# First Advanced Coil Builds



## Hazy_Jack

Hi Guys

Sorry about the big images but had to share this.

Just had to brag a bit as I'm quite proud of my first experimental builds. Bought a Sigelei 150w with a Lemo 2 and a Turbo dripper about a month and a half ago.

My first coil was a twisted micro coil and actually got it in one go.



Really enjoyed the vape on that and had much better flavor.

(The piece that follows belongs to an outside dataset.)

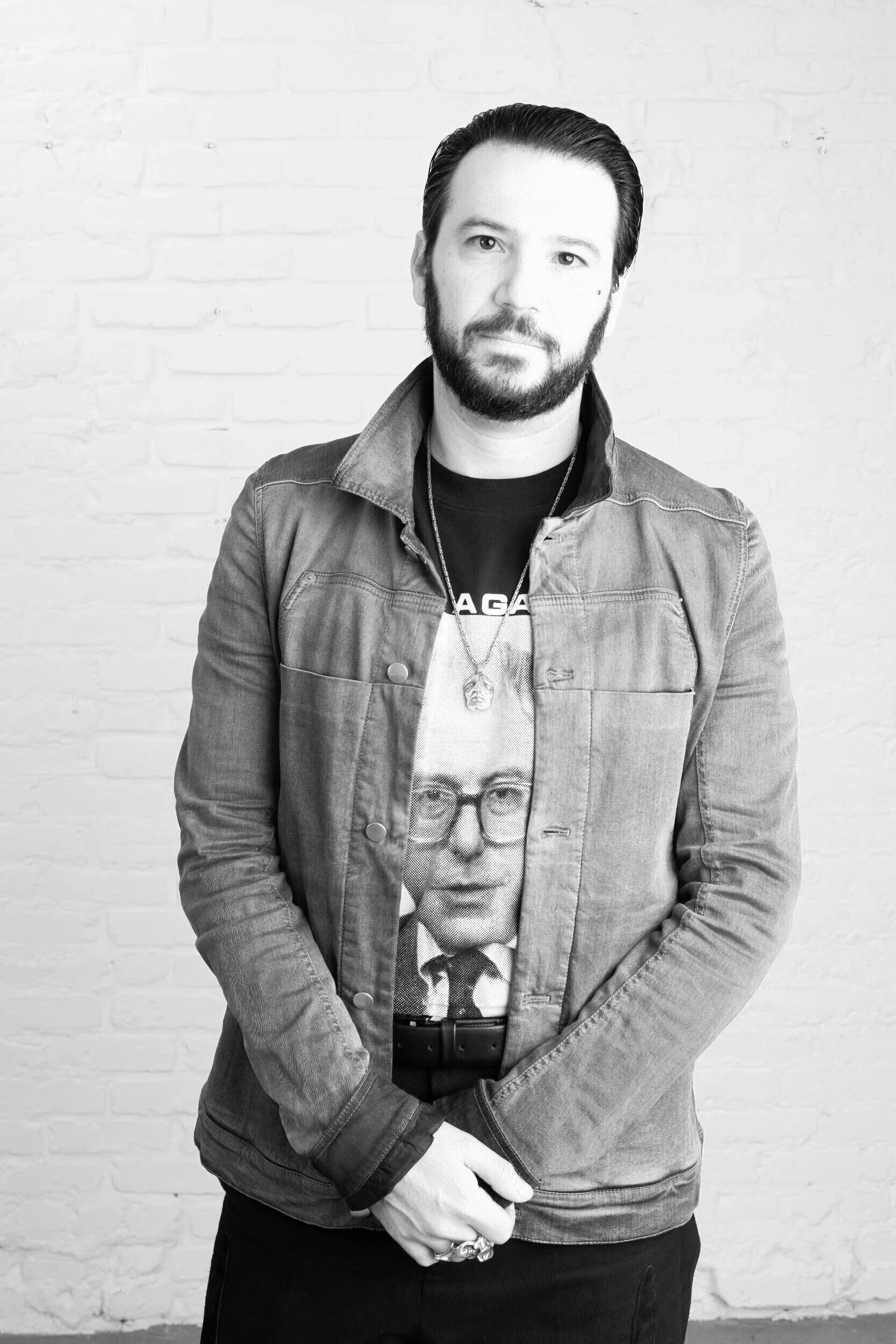 processed_20210314 IMG_5524.jpg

Next I attempted the Clapton.



Not quite in one go, had to waste some wire with this one. Much harder to do, especially on the Lemo as it doesn't fit in the post holes and had to wrap around the screw, but TOTALLY worth the effort. Flavor and vapor production was AWESOME!






Still experimenting in keeping the resistance low, but hey, I'm having so much fun building my own coils!

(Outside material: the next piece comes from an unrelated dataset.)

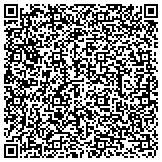 QR code with A Prelude to the Classics Music Academy of Performing Arts contacts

Next up I'm either trying a fused clapton (will need to get higher than 30g tho) or maybe a zipper coil. More posts soon!

Reactions: Like 7 | Winner 4


----------



## Silver

Great coils and thanks for sharing the photos @Hazy_Jack


----------



## kelly22

Brilliant


----------



## 3FVape

Nice. Thanks your shares


----------



## GerritVisagie

My very first "advanced" coil build. 
0.2 ohm, 
Triple kanthal, twisted




Sent from my iPhone using Tapatalk

Reactions: Like 2


----------



## incredible_hullk

Stunning coil porn right there...agree on the 0.69 claptons...I run them on the limitless rdta and the flavour is awesome


----------



## GerritVisagie

I'd like to get some 30ga at VapeCon, then I'll try these again but @0.5 ohm. 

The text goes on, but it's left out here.